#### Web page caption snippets
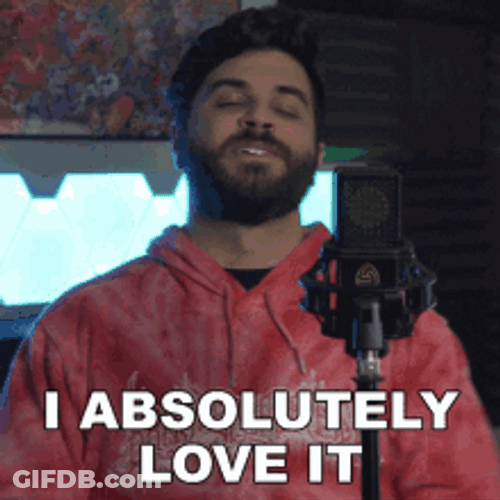 Youtuber Andrew Baena Absolutely Love It Reaction GIF
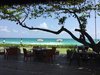 pohled z restaurace na pláži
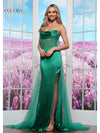 Prom Dresses Formal Fitted Evening Long Prom Dress Kelly Green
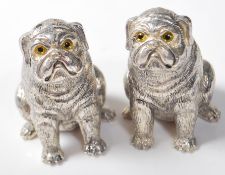 .800 SILVER PUG TABLE CONDIMENTS
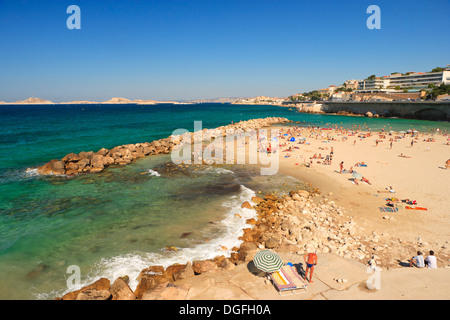 Marseille - Strand der Zweiradspezialist Stockfoto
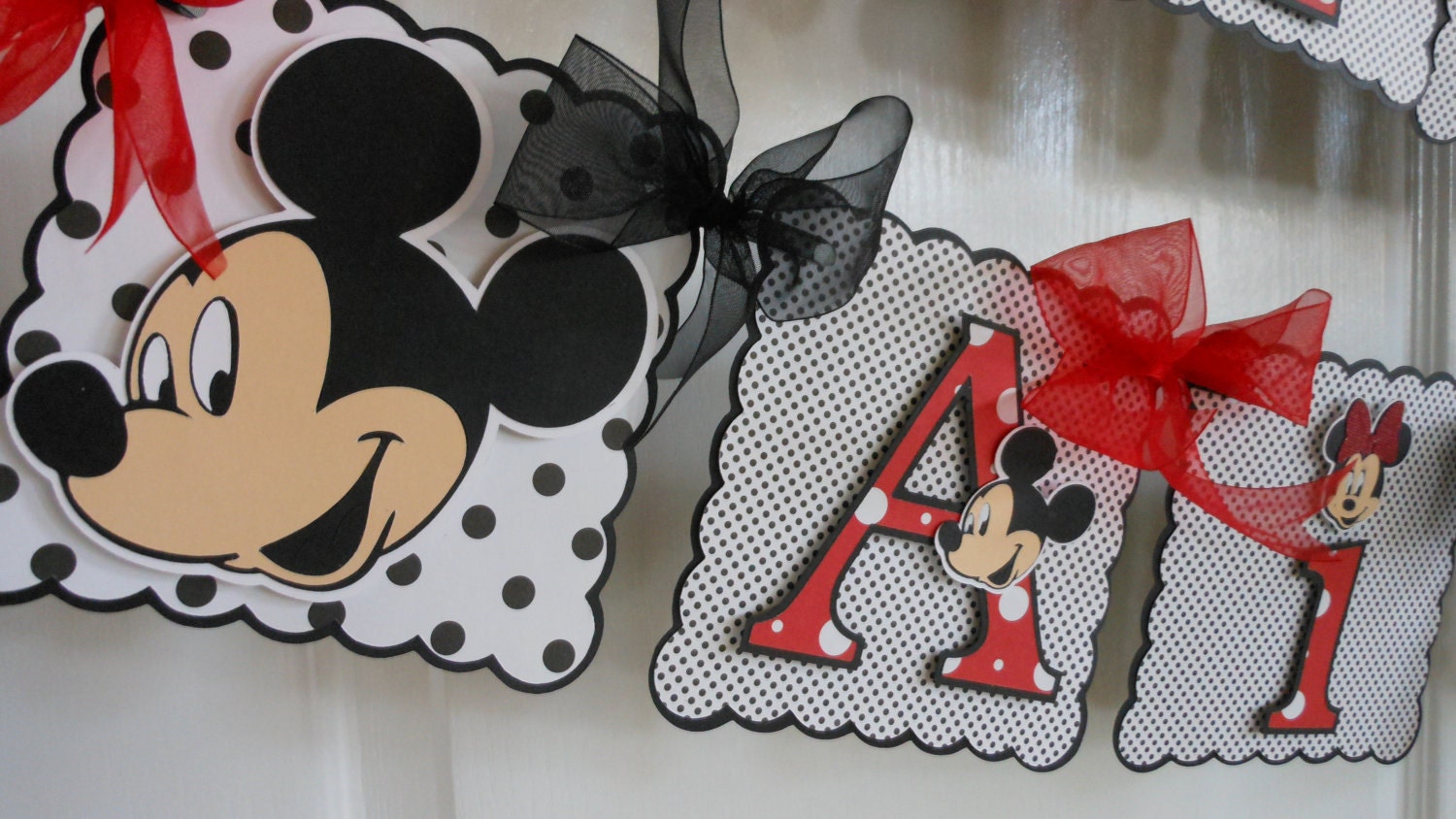 Minnie Mouse Birthday Banner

#### Action item
The pictures alone are to be left out when the data above is copied; all else must match exactly.

#### Task solution
 Youtuber Andrew Baena Absolutely Love It Reaction GIF
 pohled z restaurace na pláži
 Prom Dresses Formal Fitted Evening Long Prom Dress Kelly Green
 .800 SILVER PUG TABLE CONDIMENTS
 Marseille - Strand der Zweiradspezialist Stockfoto
 Minnie Mouse Birthday Banner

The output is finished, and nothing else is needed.